* _TASK INSTRUCTIONS_
Copy every record word for word. Pictures are not part of the copy.

____ LISTED RECORDS

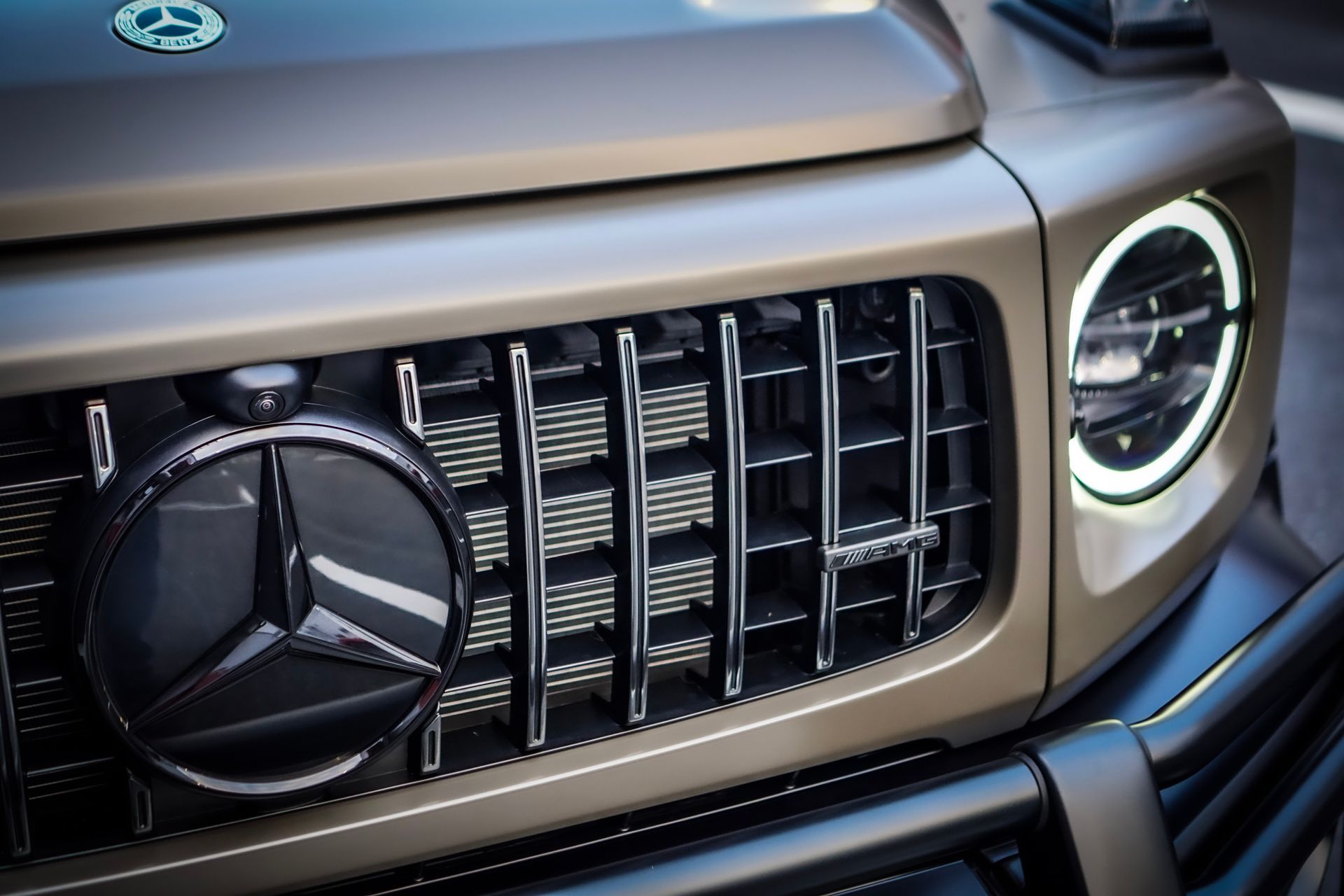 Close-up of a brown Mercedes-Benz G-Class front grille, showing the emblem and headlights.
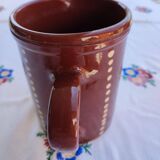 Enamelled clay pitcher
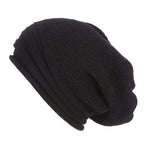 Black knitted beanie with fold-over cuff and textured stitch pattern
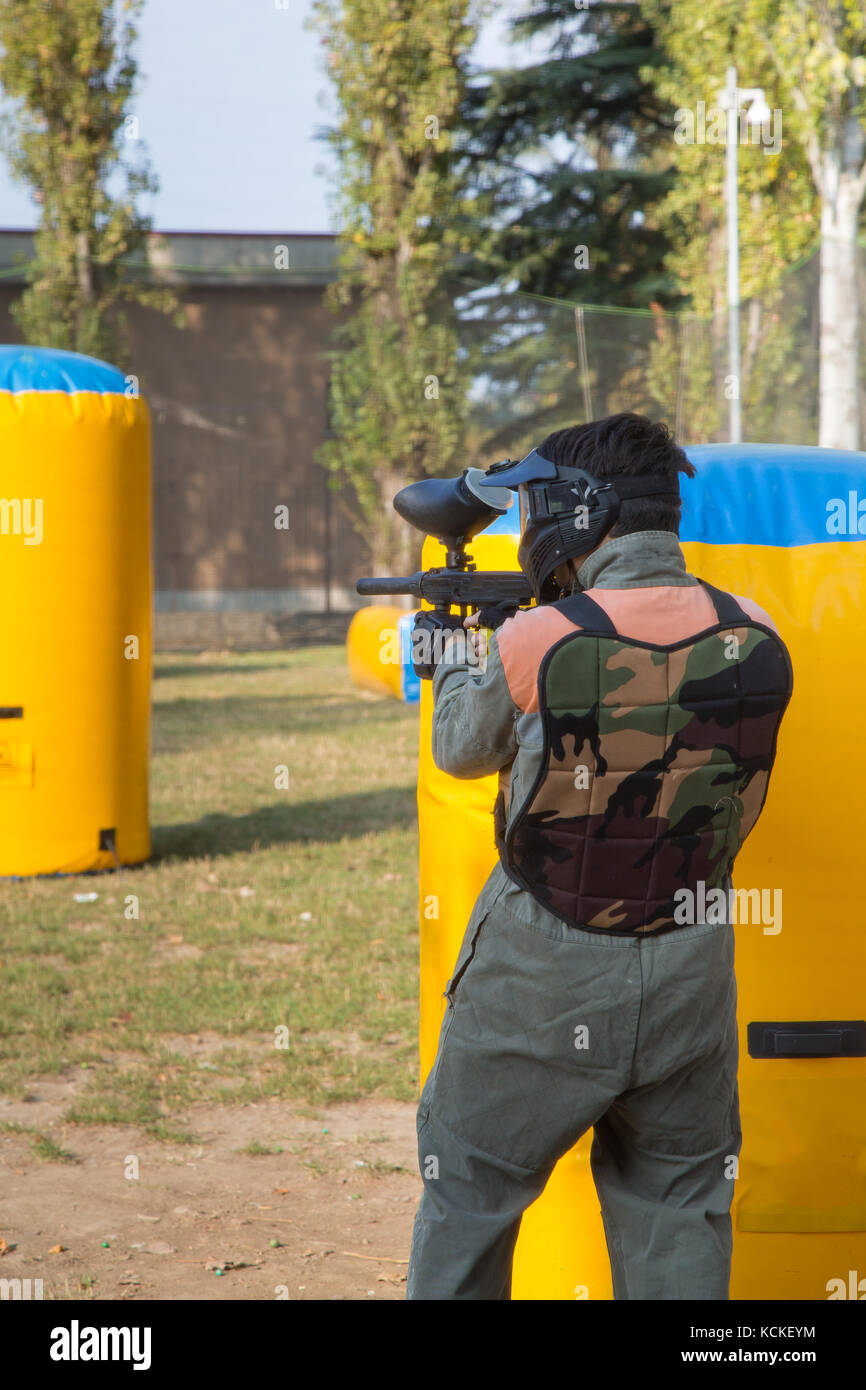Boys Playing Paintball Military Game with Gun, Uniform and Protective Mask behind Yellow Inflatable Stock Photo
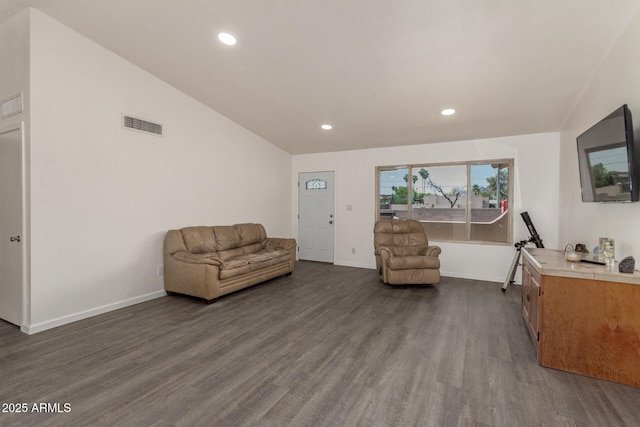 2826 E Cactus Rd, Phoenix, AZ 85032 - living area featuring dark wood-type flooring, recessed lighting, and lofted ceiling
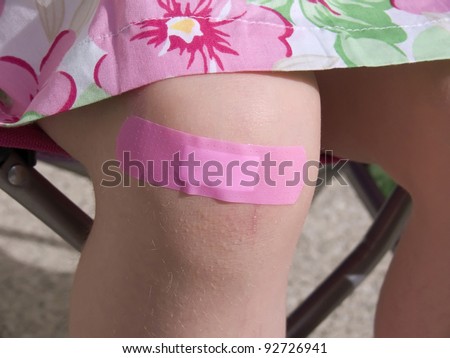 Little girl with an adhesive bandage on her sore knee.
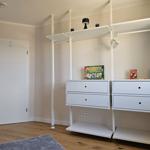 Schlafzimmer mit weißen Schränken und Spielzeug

________

* _PROBLEM SOLUTION_
 Close-up of a brown Mercedes-Benz G-Class front grille, showing the emblem and headlights.
 Enamelled clay pitcher
 Black knitted beanie with fold-over cuff and textured stitch pattern
Boys Playing Paintball Military Game with Gun, Uniform and Protective Mask behind Yellow Inflatable Stock Photo
 2826 E Cactus Rd, Phoenix, AZ 85032 - living area featuring dark wood-type flooring, recessed lighting, and lofted ceiling
 Little girl with an adhesive bandage on her sore knee.
 Schlafzimmer mit weißen Schränken und Spielzeug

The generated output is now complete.